Le processus d’écriture constitue un tiers dans la relation, une triangulation qui protège à la fois l’écoutant et l’écouté. Elle souligne l’importance de cette dimension triangulaire, évoquant les risques de traumatisme vicariant auxquels sont exposés les professionnels qui recueillent des récits difficiles. Ses écrivants consultants bénéficiaient d’un dispositif de supervision régulier avec un psychanalyste et de réunions collectives pour partager les méthodes, les difficultés et les innovations. La production d’un texte commun, d’un objet littéral, structure cette triangulation et garantit qu’il y ait toujours quelque chose de produit d’intéressant, même lorsque aucun projet professionnel concret n’émerge immédiatement.
Une personne n’a généralement pas l’occasion d’être connue dans sa vie complète par les autres, chacun n’en connaissant qu’un fragment.

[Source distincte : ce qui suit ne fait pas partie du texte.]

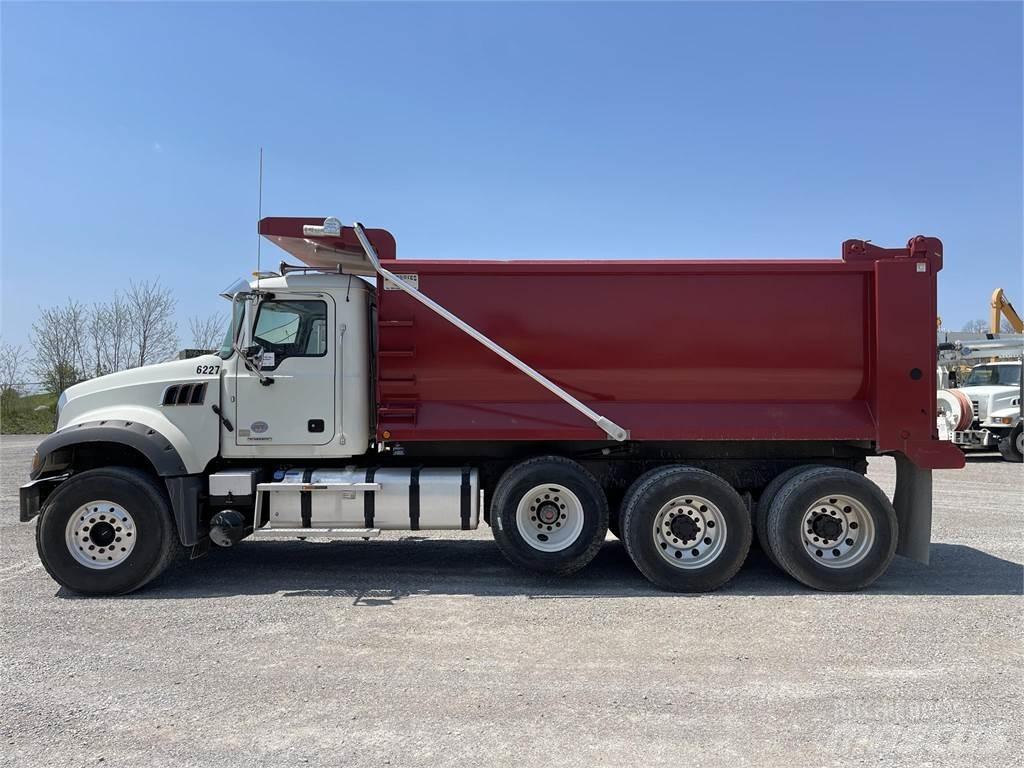 Mack GRANITE 64FR 其他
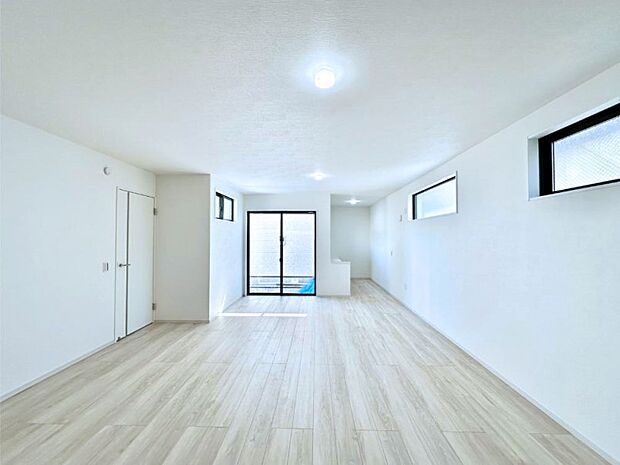 大きな窓からたっぷりの陽光と風を感じられるリビング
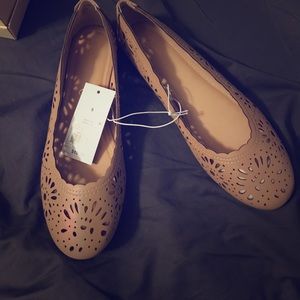 NWT Mossimo ballet flats size 9 tan
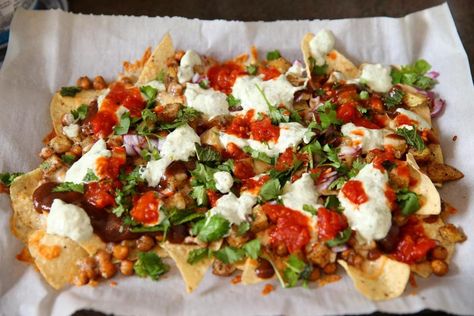 Recipe for chaat-style Indian nachos - Food & dining - The Boston Globe Indian Nachos, Ramadan Snacks, Kitty Recipes, Snacks Indian, Indian Chaat, Indian Delicacies, Simple Snacks, Indian Appetizers, Diwali Food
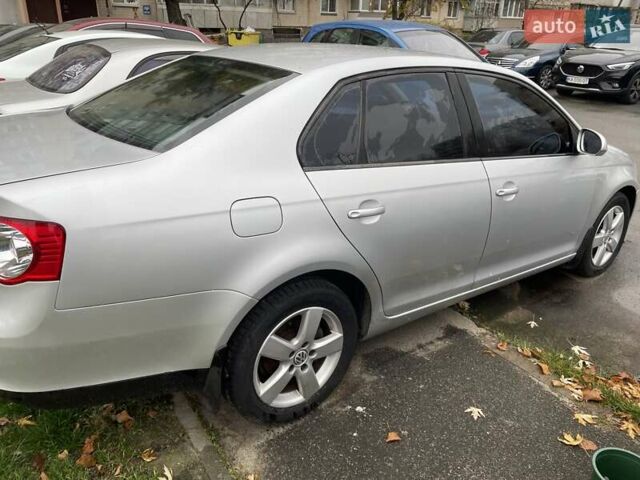 Серый Фольксваген Джетта, объемом двигателя 1.6 л и пробегом 230 тыс. км за 4200 $, фото 1 на Automoto.ua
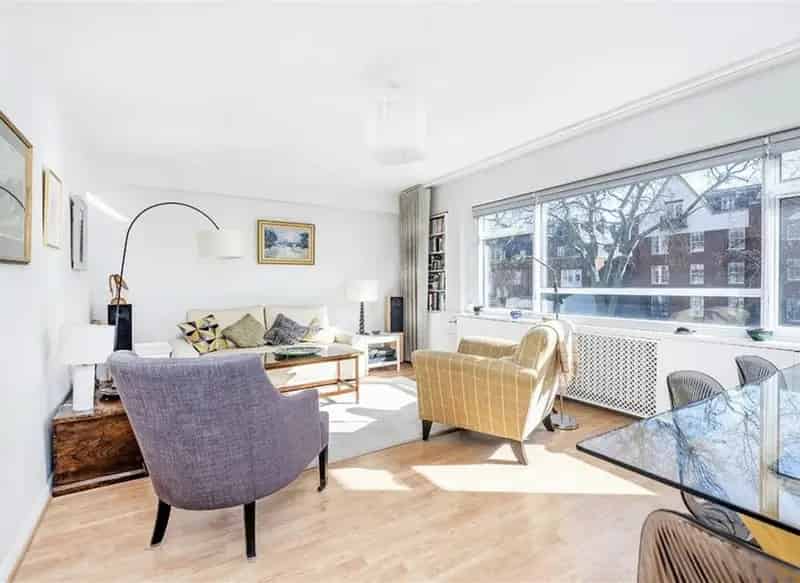 1 Bedroom Apartment near Pimlico Station with Thames Views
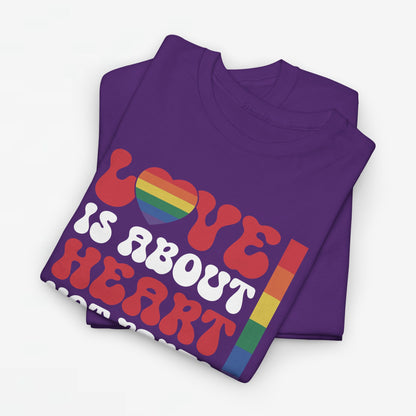 Gay Pride T-shirt - Love is about heart, not parts (witte tekst) - Oversized #30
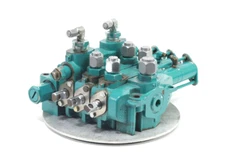 Commercial Intertech 3 Section Air Operated Hydraulic Valve Body | 305-9596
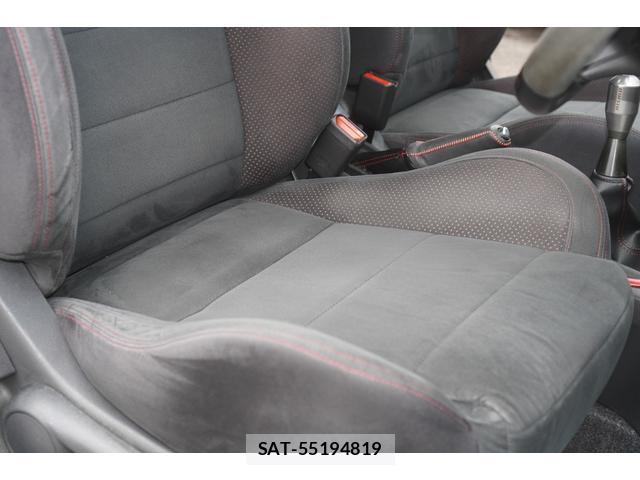 Nissan NOTE 2015-05 8327773-5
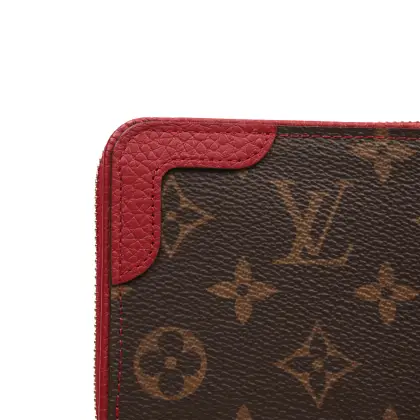 LOUIS VUITTON ZIPPY WALLET RETIRO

Le récit de vie offre cette possibilité rare de se faire connaître intégralement, et les personnes demandaient souvent plusieurs exemplaires de leur récit pour pouvoir le partager avec leurs proches, parfois dans une version adaptée pour les enfants. Ce travail élémentaire de revisite de toute l’existence, même si un récit reste toujours une fiction dans la manière dont une personne se raconte elle-même, permet de donner une unité à l’expérience vécue. Cette mise en cohérence s’est révélée transformatrice pour des personnes qui avaient une opinion très dépréciée d’elles-mêmes.
Chantal Deckmyn illustre son propos par l’exemple d’un jeune homme de vingt-et-un ans, incarcéré depuis plus d’un an, qui avait pratiqué le deal depuis l’âge de seize ans au collège. Le curriculum vitae élaboré ensemble recense ses centres d’intérêt et compétences : la lecture de magazines et de livres qui lui permettent d’apprendre de nouveaux mots et de modifier son langage pour être compris de tous et pas seulement des jeunes des cités, l’écriture qui le tranquillise, le football qu’il a dû abandonner malgré son talent, sa collection de blagues car le rire rend la vie supportable même dans les moments difficiles, ses voyages à Mayotte qui lui ont donné envie de découvrir le monde, et même son expérience du commerce illicite qui exigeait rapidité, vigilance et calcul mental précis. Ce document, apparemment élémentaire, révèle la présence et la sincérité de la personne beaucoup plus efficacement que ne le ferait une démonstration abstraite de qualités. Il ne s’agit pas de démontrer les choses mais de les montrer.
Cette expérience s’est toujours révélée absolument merveilleuse et enthousiasmante, précisément parce qu’elle permettait à des personnes considérées comme inoccupables par les institutions et ayant elles-mêmes une très faible estime d’elles-mêmes de se réapproprier leur histoire et de passer ensuite à autre chose. La force de cette méthode réside dans sa capacité à restaurer la dignité et l’unité narrative d’existences fragmentées par les difficultés sociales et les ruptures biographiques, ouvrant ainsi des possibilités nouvelles d’inscription dans un projet et dans la société.